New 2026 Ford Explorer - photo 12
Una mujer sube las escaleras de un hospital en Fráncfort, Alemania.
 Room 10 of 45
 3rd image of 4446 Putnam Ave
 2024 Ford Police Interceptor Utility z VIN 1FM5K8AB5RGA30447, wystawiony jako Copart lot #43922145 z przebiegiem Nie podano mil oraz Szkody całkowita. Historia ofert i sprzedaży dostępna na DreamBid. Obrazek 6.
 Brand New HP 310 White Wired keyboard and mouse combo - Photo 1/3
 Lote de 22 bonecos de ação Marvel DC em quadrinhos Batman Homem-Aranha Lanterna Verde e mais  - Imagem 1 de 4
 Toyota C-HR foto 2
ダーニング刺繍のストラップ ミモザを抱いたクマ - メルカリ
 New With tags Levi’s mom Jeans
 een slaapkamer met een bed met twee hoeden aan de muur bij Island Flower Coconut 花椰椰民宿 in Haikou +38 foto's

★ ★ ★ ★ ★ ★ ★

• _PROMPT_
Take the entries and print them exactly. Keep every line.

• _TASK OUTPUT_
New 2026 Ford Explorer - photo 12
Una mujer sube las escaleras de un hospital en Fráncfort, Alemania.
 Room 10 of 45
 3rd image of 4446 Putnam Ave
 2024 Ford Police Interceptor Utility z VIN 1FM5K8AB5RGA30447, wystawiony jako Copart lot #43922145 z przebiegiem Nie podano mil oraz Szkody całkowita. Historia ofert i sprzedaży dostępna na DreamBid. Obrazek 6.
 Brand New HP 310 White Wired keyboard and mouse combo - Photo 1/3
 Lote de 22 bonecos de ação Marvel DC em quadrinhos Batman Homem-Aranha Lanterna Verde e mais  - Imagem 1 de 4
 Toyota C-HR foto 2
ダーニング刺繍のストラップ ミモザを抱いたクマ - メルカリ
 New With tags Levi’s mom Jeans
 een slaapkamer met een bed met twee hoeden aan de muur bij Island Flower Coconut 花椰椰民宿 in Haikou +38 foto's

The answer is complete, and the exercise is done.